Ülkemizde son zamanlarda meydana gelip, doğal afete dönüşen orman yangınları, sel ve heyelanlardan herkesin, özellikle de ilgili kurum ve kuruluşların çok iyi ders alması gerekiyor.
Çünkü sorunun çıkabileceğini önceden görüp, gerekli önlemlerin alınmasının ne kadar önemli olduğunu ülke olarak çok acı bir şekilde yaşayarak görüyoruz.
Olay meydana geldikten sonra sorumluluğu başkalarına yüklemenin hiçbir manası yoktur.
Yangınların ortaya çıktığı özellikle Akdeniz ve Ege Bölgesi sahil kesimindeki yerleşim alanlarının büyük bölümü çam ormanlarıyla çevrili, yolların iki tarafında genellikle çam ağaçları var.
Oysaki köy, kasaba ve şehirlerin çevresine, belli bir mesafeye kadar, yaprak dökmeyen, çam gibi yanarken kozalaklarıyla yangının daha geniş bir alana yayılmasına neden olmayan ağaçlar dikilebilirdi. Ağaçlık alanlar evlerden ve yollardan belli bir mesafeden sonra oluşturulabilirdi. Bu şekilde hem ormanı hem de yerleşim alanlarını korumak, orman yangınını söndürmek daha kolay olurdu.
Tabii bunun için de Orman Bakanlığı ile yerel yönetimlerin sıkı bir işbirliği yapıp, yangın, heyelan, sel gibi afetlerin önlenmesi için gerekli planlamaları bölgelerin coğrafi özelliklerini de dikkate alarak yapması gerekiyordu.
Son birkaç yılda Ege ve Akdeniz kıyı şeridinde çok sayıda köy, kasaba, şehir gezdim. Gezerken bakıp geçmedim, aslında nasıl olması gerektiğini düşündüm, televizyonda filmlerde, belgesellerde gördüğüm yabancı şehirlerle kıyasladım.

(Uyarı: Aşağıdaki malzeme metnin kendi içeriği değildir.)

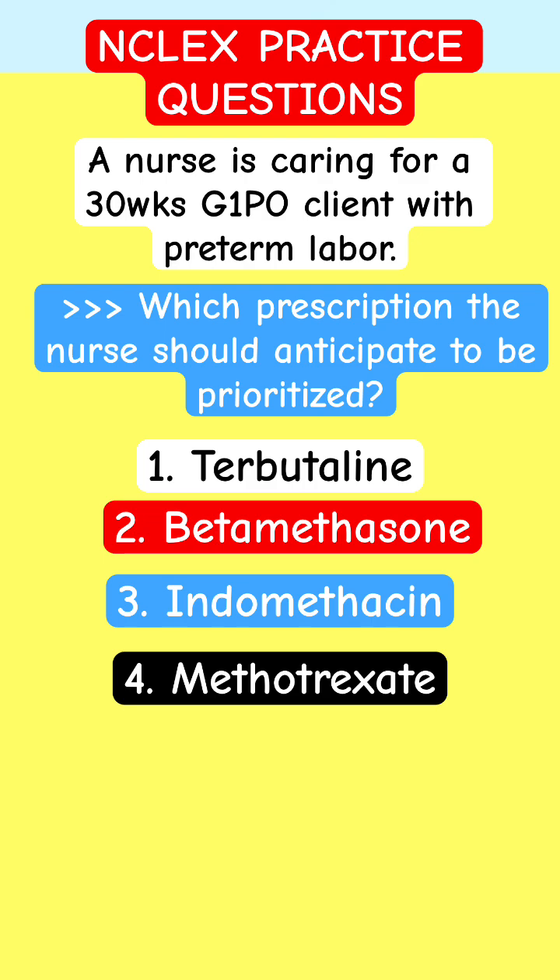If you're caring for this patient who is in preterm labor, she's 30 weeks old — which prescription do you think is the best to give this patient? Which one will you prioritize? Take a look at it carefully. Pay attention to the weeks. 30 weeks is very, very important. And look at each medication.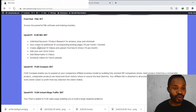Upsell number one is Flink Big, going for $67. This gets you: unlimited keyword and product research for Amazon, eBay, and ClickBank; ability to create an additional 10 corresponding landing pages; 15 per month hosted for you; create additional 10 videos and upload to YouTube; add your own voiceovers and watermark to videos; and schedule videos for future upload.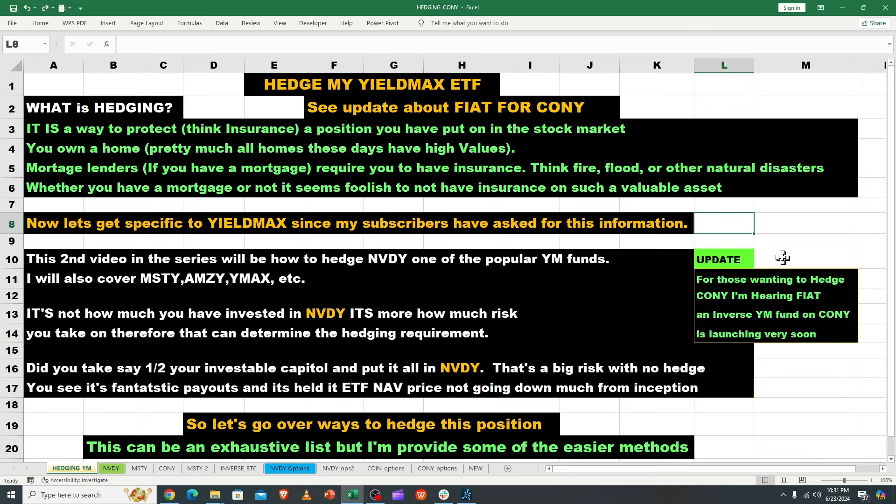This is the second video in the series on how to hedge NVIDIA, one of the popular YieldMax funds. I'll also cover MSTY, AMZY, YMAX, etc. It's not just how much you've invested in NVIDIA — it's more about how much risk you take on. Let's say you own two YieldMax funds: half YMAX and half NVIDIA. That's a big risk with no hedge, so let's go over ways you might hedge NVIDIA.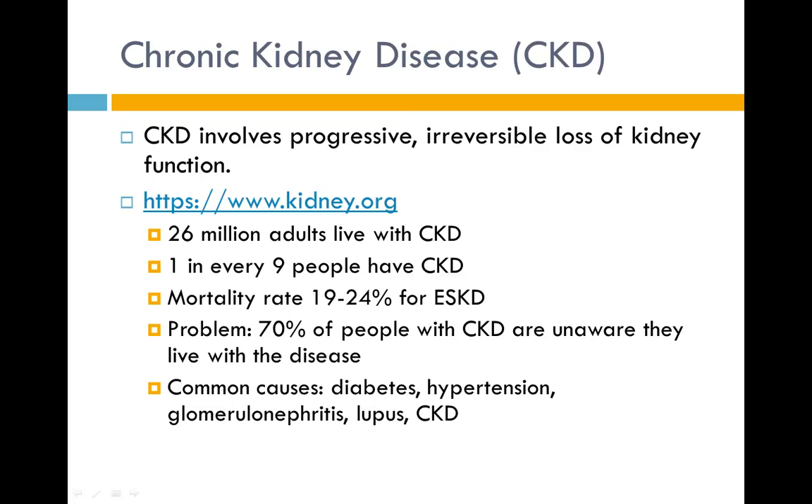Common causes of CKD are diabetes, hypertension, glomerulonephritis, lupus, and acute kidney injury. Although CKD has many different causes, the leading causes are diabetes, which accounts for about 50 percent of cases, and hypertension, which is about 25 percent. Less common causes include glomerulonephritis, cystic diseases, and urological diseases.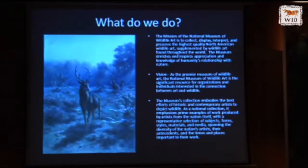You can see in this slide a wonderful painting of a stag by Rosa Bonheur, one of France's great painters at the end of the 1800s. This is a stag she painted at her estate outside of Paris.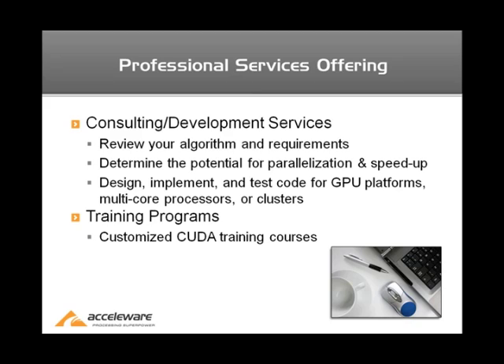In terms of our professional services offerings, what we do falls into two categories. The first is consulting and development services, and the second is training. I'm going to expand on both of those points in the next few slides.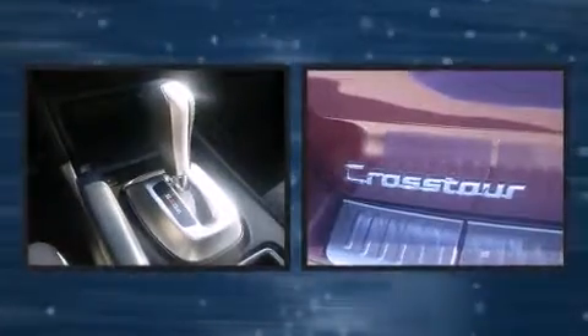Audio features include a CD player with MP3 capability and seven speakers, enhancing the audio experience throughout the interior.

Ve ülkemdeki bahçelerin, tarlaların, ormanların ne kadar dağınık, sokakların, yolların, kaldırımların hatta evlerin nasıl da özenilmeden, plansız, gelişigüzel yapıldığını gördüm.
Üzülmedim desem yalan olur. İnsan kendi ülkesinde de doğal güzelliklerin yanında, insan eliyle yapılan güzel işler görmek istiyor.
Bir şehre araçla girdiğinde yol kenarlarında diz boyu otlar, boyasız binalar, kırık dökük kaldırımlar görmek insanın yüreğini buruyor.
Plajlara parayla giriyoruz, orman içlerindeki mesire yerlerinden para alıyorlar, ama çöpten geçilmiyor. Oturacak, park yapacak yer yok.
Bu cennet gibi yerleri Allah yaratmış, atalarımız bize miras bırakmış fakat 'kullan at' düşüncesiyle hareket edip, nokta kadar katkıyla daha güzel yapmıyoruz.
Biz, dün yaşayanlar için gelecek kuşaktık, bizleri düşünmeyen dünküler hakkında içimizden ne geçiriyorsak, bizden sonrakiler de bizim için aynı şeyi düşünecek, kulaklarımızı çınlatacaklar.